**The problem**
The answer must be an exact copy of the lines from the one with "NHL Vegas Golden" through the final line of the records below, with no pictures.
*** Opening of Material provided ***
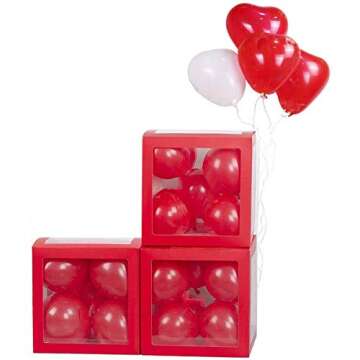 Gichies Red and White Large Transparent Box Balloon Box Letter Box for Baby Shower Decor Wedding Engagement Birthday Graduation Party Decorations Gender Reveal Home Decor(Red Blocks)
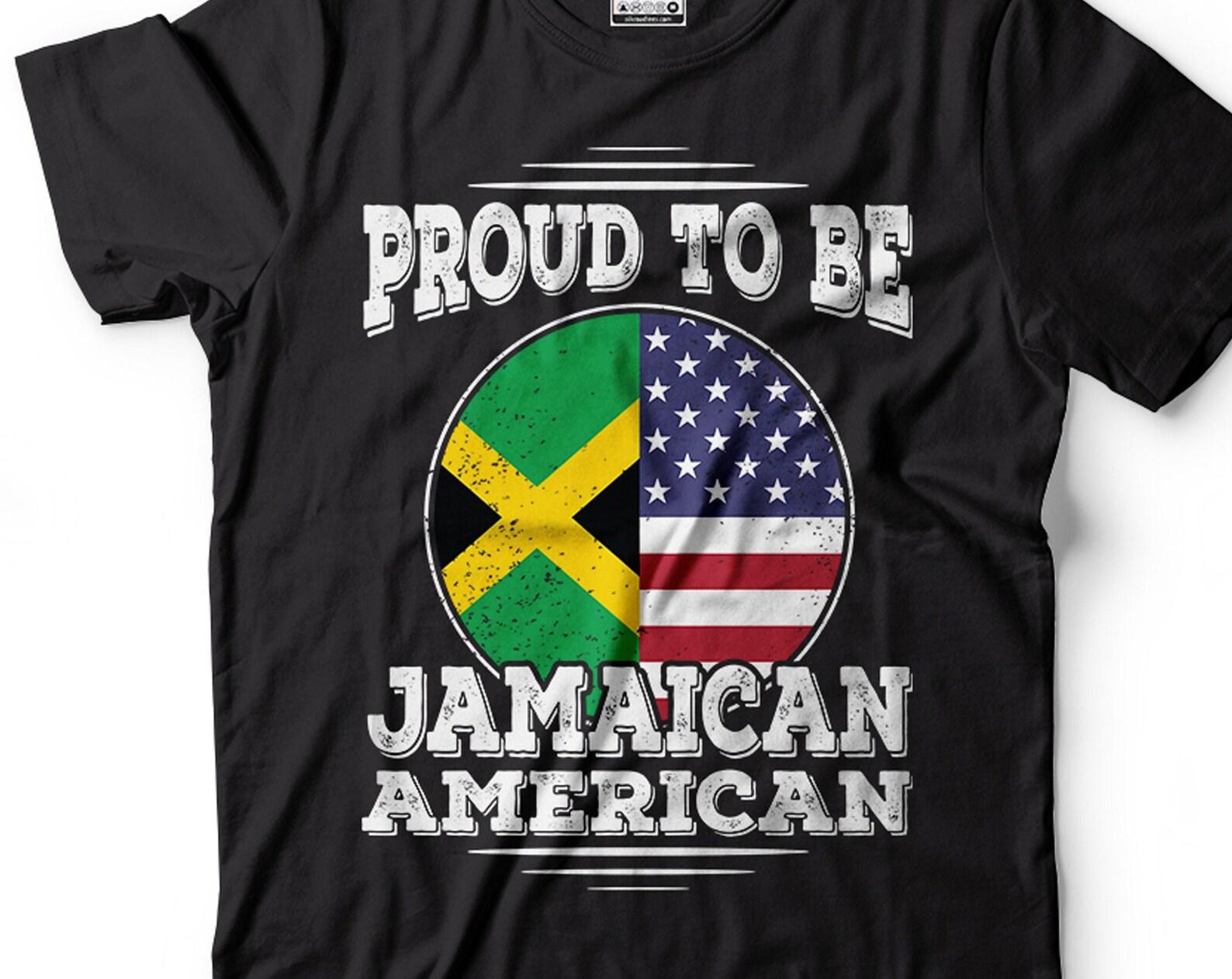 Jamaican American Pride T-Shirt: Jamaica USA Flag Tee S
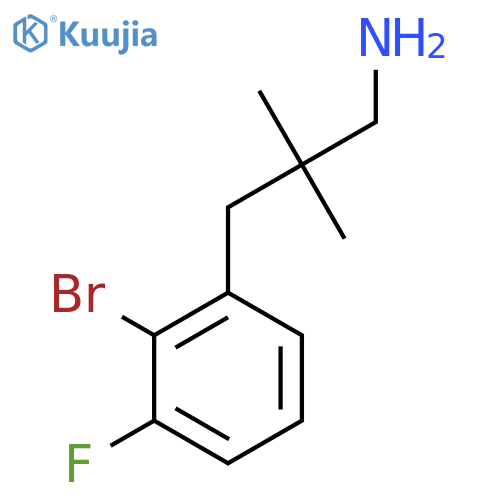 3-(2-bromo-3-fluorophenyl)-2,2-dimethylpropan-1-amine structure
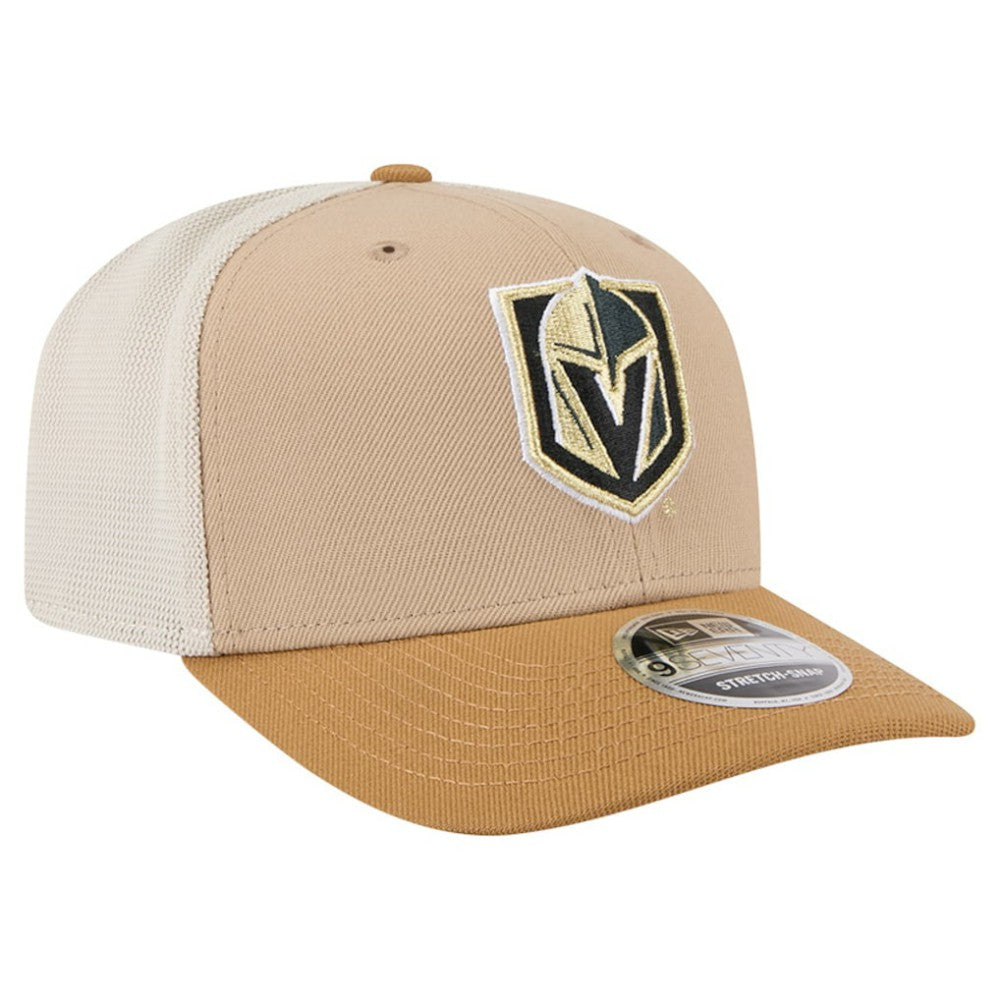 NHL Vegas Golden Knights New Era Two-Tone Trucker 9SEVENTY Stretch Snap Adjustable Hat - Tan/Light Brown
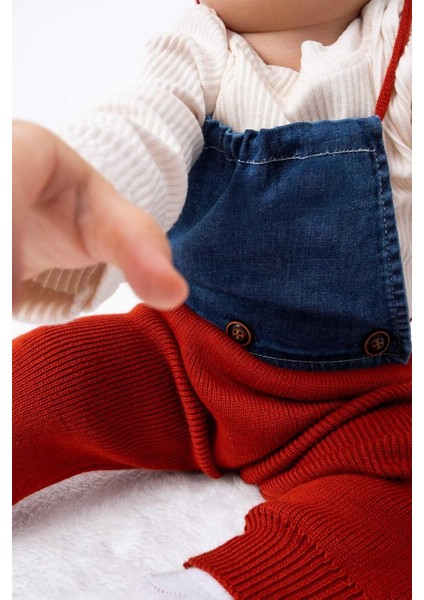 Triko Kaşkorse Badili Kot Detaylı Salopet Kışlık Kız Bebek Takım modelleri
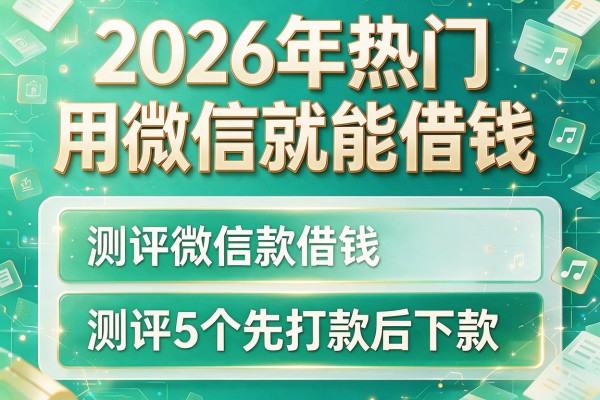 2026年热门用微信就能借钱,测评5个先打款后下款网贷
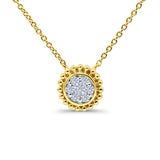 14K Yellow Gold 0.13ct Round Shape Diamond Solitaire Pendant Chain Necklace 18" Long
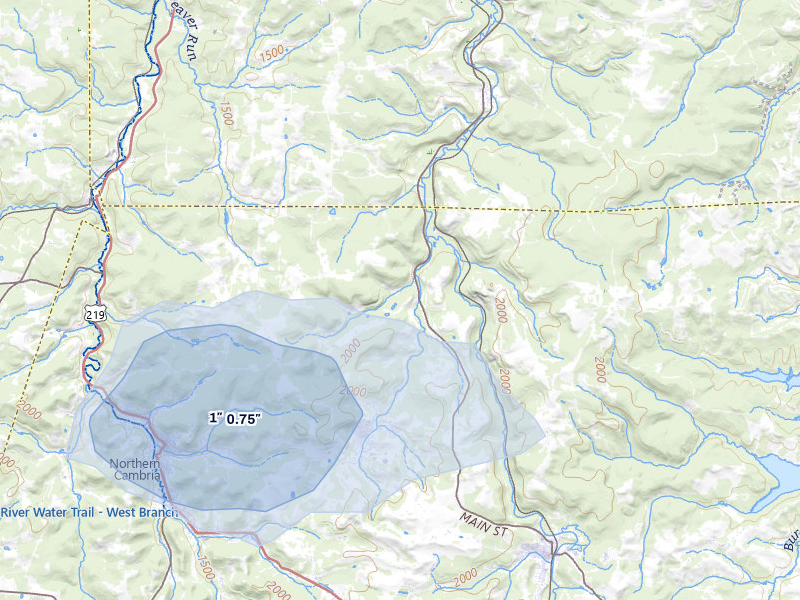 NEXRAD radar-signature map of the hail storm over Hastings, PA on Jul 10, 2026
*** Close of Material provided ***
**Answer**
 NHL Vegas Golden Knights New Era Two-Tone Trucker 9SEVENTY Stretch Snap Adjustable Hat - Tan/Light Brown
 Triko Kaşkorse Badili Kot Detaylı Salopet Kışlık Kız Bebek Takım modelleri
 2026年热门用微信就能借钱,测评5个先打款后下款网贷
 14K Yellow Gold 0.13ct Round Shape Diamond Solitaire Pendant Chain Necklace 18" Long
 NEXRAD radar-signature map of the hail storm over Hastings, PA on Jul 10, 2026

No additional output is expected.